What does this have to do with worldwide competitiveness? As a result of the vestiges of economic regulation in Texas, for example, it costs Neiman‐Marcus at least $1,000 more to ship a containerload of blue jeans from a Texas manufacturer than from a Taiwan manufacturer. That situation clearly does nothing to advance the textile industry’s “Buy American” campaign.
The gains from the deregulation that has taken place are impressive. When trucking deregulation was being considered by Congress in 1980, the Congressional Budget Office forecast that by 1984 the legislation, if enacted, would save consumers $5 billion to $8 billion a year in the prices paid for goods and services. The facts are now available, and the economic benefits produced by partial deregulation are exceeding the Congressional Budget Office’s initial estimates by a factor of 10. Moreover, current calculations of the annual savings enjoyed by U.S. producers and distributors as a result of partial deregulation range from a conservative $56 billion to a high of $90 billion.
Those savings are doing more than just increasing the profits of American businesses. Gains in business efficiency have contributed to one of the nation’s longest economic recoveries in the postwar period, and that consumers have benefited is evidenced by the low inflation rates that have prevailed despite record government deficits. In the international markets, the benefits of transportation deregulation are even more important. To continue to compete worldwide, U.S. companies must become even more efficient.
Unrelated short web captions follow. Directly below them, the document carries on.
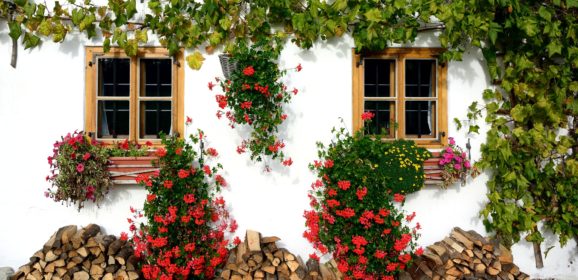 Welche Pflanzen eignen sich für Balkon und Terrasse?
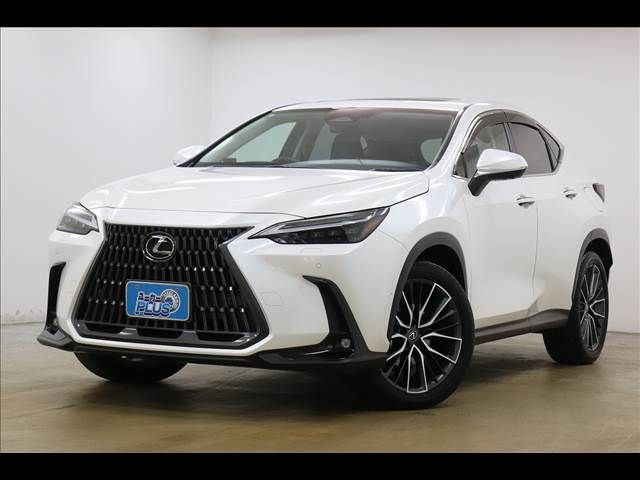 TOYOTA LEXUS NX350H 2023 Image 31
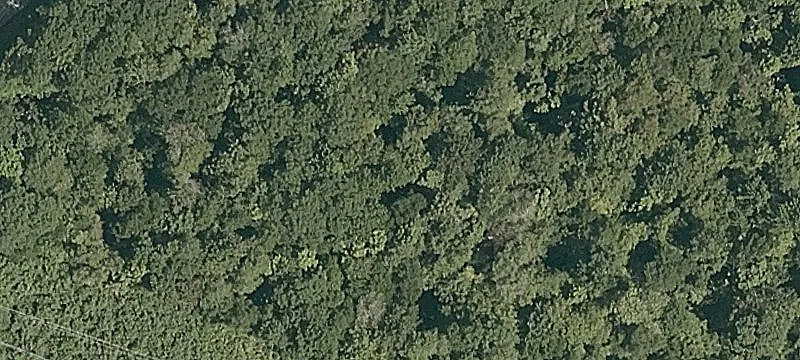 Winhall, VT 05340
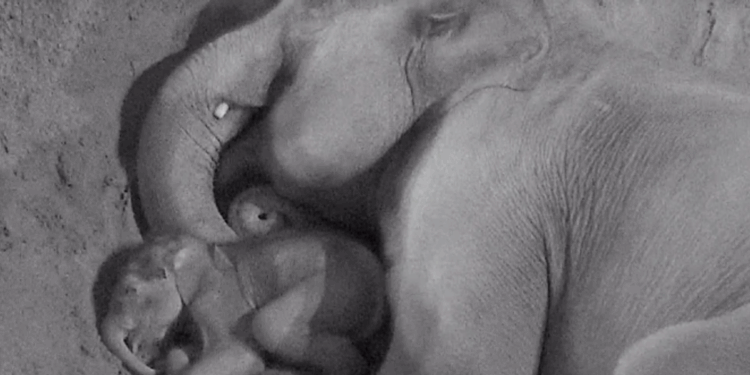 Blackpool zoo shares adorable moment baby elephant snuggles up to her mum as they slept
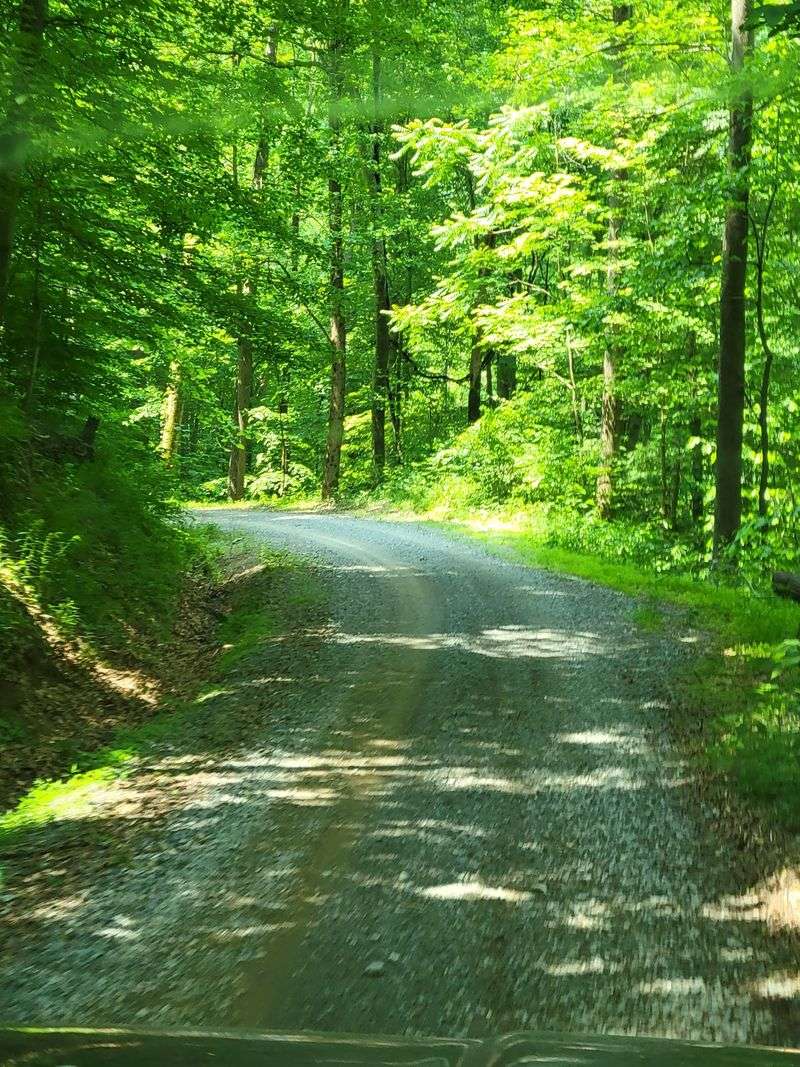 The Back Road Journey From Holly River State Park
As important as the fact that savings have occurred are the changes that have driven them. There is more to the story than just reduced transportation costs resulting from a more competitive environment. Much of the increased efficiency being experienced in corporate America can be attributed to the improved management of inventory and delivery systems. Costs have been cut dramatically because businesses have been better able to receive raw materials when they are needed and to deliver finished goods to customers when they are demanded. Maintaining inventories of raw materials and finished goods is much more expensive than either policymakers or the general public realize, and additional cost savings could be realized through increased efficiency in this area.
Unfortunately, economic regulation, particularly at the state level, remains a barrier to achieving the greatest savings possible. To demonstrate that the nation’s competitiveness could be enhanced through further deregulation of the transportation industry, this study begins by explaining how the practice of “business logistics,” coupled with partial deregulation, has led to the substantial cost savings experienced since 1980. The rigidities that have been imposed by regulation are then outlined. Finally, it is argued that the economic deregulation of the motor carrier industry should be completed as a major step toward ensuring that U.S. producers regain their international market shares.